Die Kunst des Sehens

Die Fähigkeit, etwas mit dem geistigen Auge zu sehen und diese Information auch verarbeiten zu können, ist nicht jedem gegeben. Im Mittelalter wurde das Hellsehen als Hexerei unter Strafe gestellt. Anfang der 60er bzw. 70er Jahre des 19. Jahrhunderts wurde diese Gabe durch verschiedenste wissenschaftliche Einrichtungen erstmalig untersucht. Heute zählt das Hellsehen zu den Parawissenschaften, die immer noch stetig studiert werden und deren Funktionsweise man noch nicht entschlüsselt hat. Aber was genau ist Hellsehen? Einerseits ist es nur eine Methode von vielen im Bereich der Wahrsagung und der Esoterik. Andererseits ist es eine emotionale und geistige Fähigkeit, Dinge wahrzunehmen, die nicht jeder erkennt oder spürt. Neben den fünf bekannten Sinnen nutzen Hellseher etwas Ähnliches wie den sechsten Sinn. Dieser ist nicht greifbar, aber vorhanden.
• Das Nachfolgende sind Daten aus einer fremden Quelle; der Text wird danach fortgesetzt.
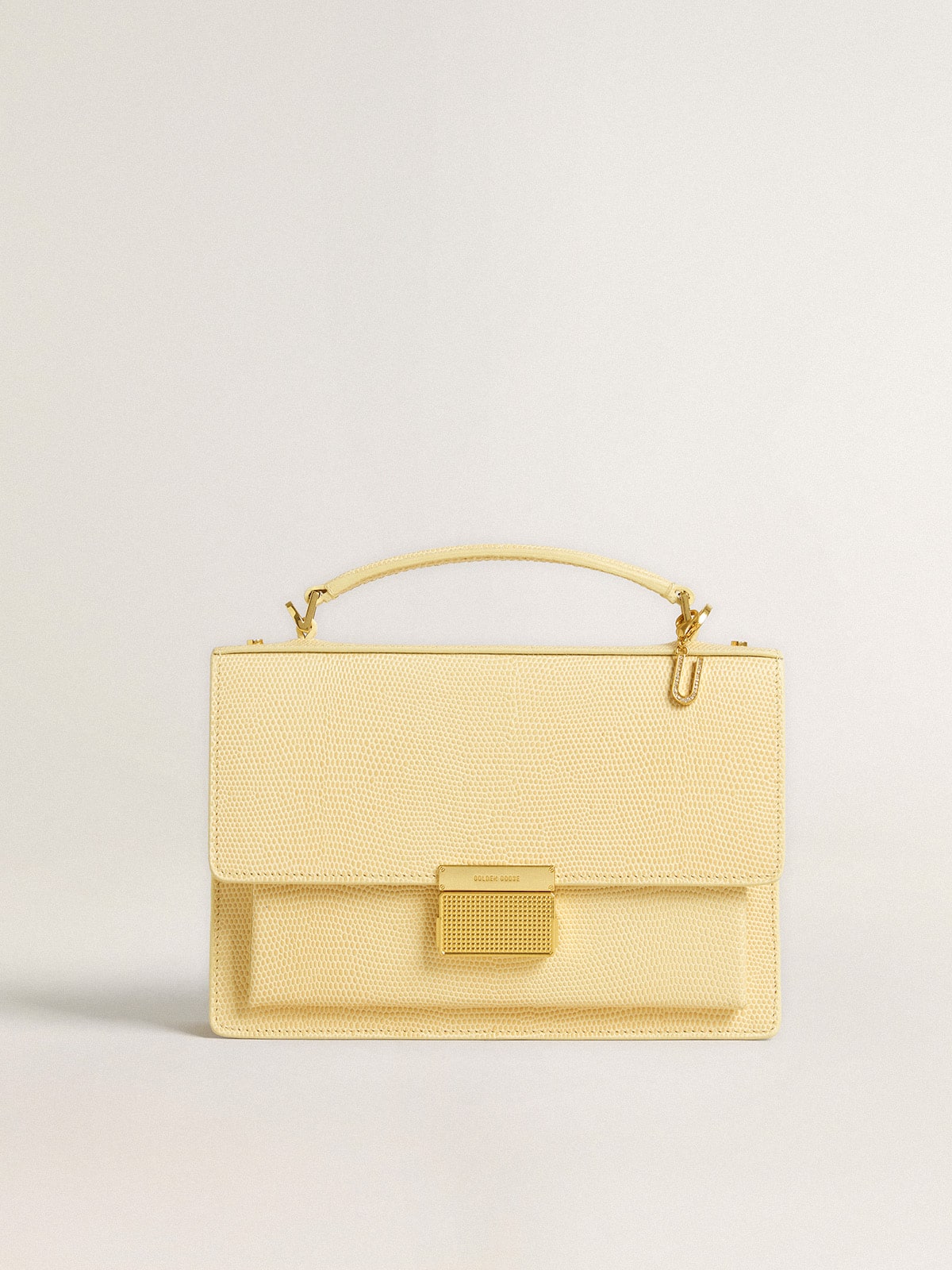 Letter U charm in gold-colored brass with crystals| Golden Goose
Hellsehen begegnet uns oftmals auch in anderen Bereichen als der spirituellen Welt. Hellsehen kann uns bei der Meditation oder auch beim autogenen Training begegnen. In unterschiedlichsten Religionen spricht man vom Sehen über verschiedene Chakren. Punkte eines Körpers, die Energie in unterschiedlichster Form nutzen und bündeln, um etwas zu fühlen. Hellsehen ist vereinfacht ausgedrückt eine außersinnliche Wahrnehmung ähnlich einem Geistesblitz, einer Eingebung. Diese Information, die der Hellseher bekommt, kann durch Menschen, Gefühle, Düfte, Erlebnisse und Gegenstände hervorgerufen werden. Die hohe Kunst des Hellsehens ist es, diese Informationen richtig zuzuordnen und zu deuten. Nur dann kann der Hellseher im Gespräch mit einem Ratsuchenden versuchen, die eigene Lebensqualität über die geistige Entwicklung und das bewusste Handeln positiv zu beeinflussen. Hellsehen ist nicht erlernbar, aber trainierbar. Man trägt es in sich oder nicht.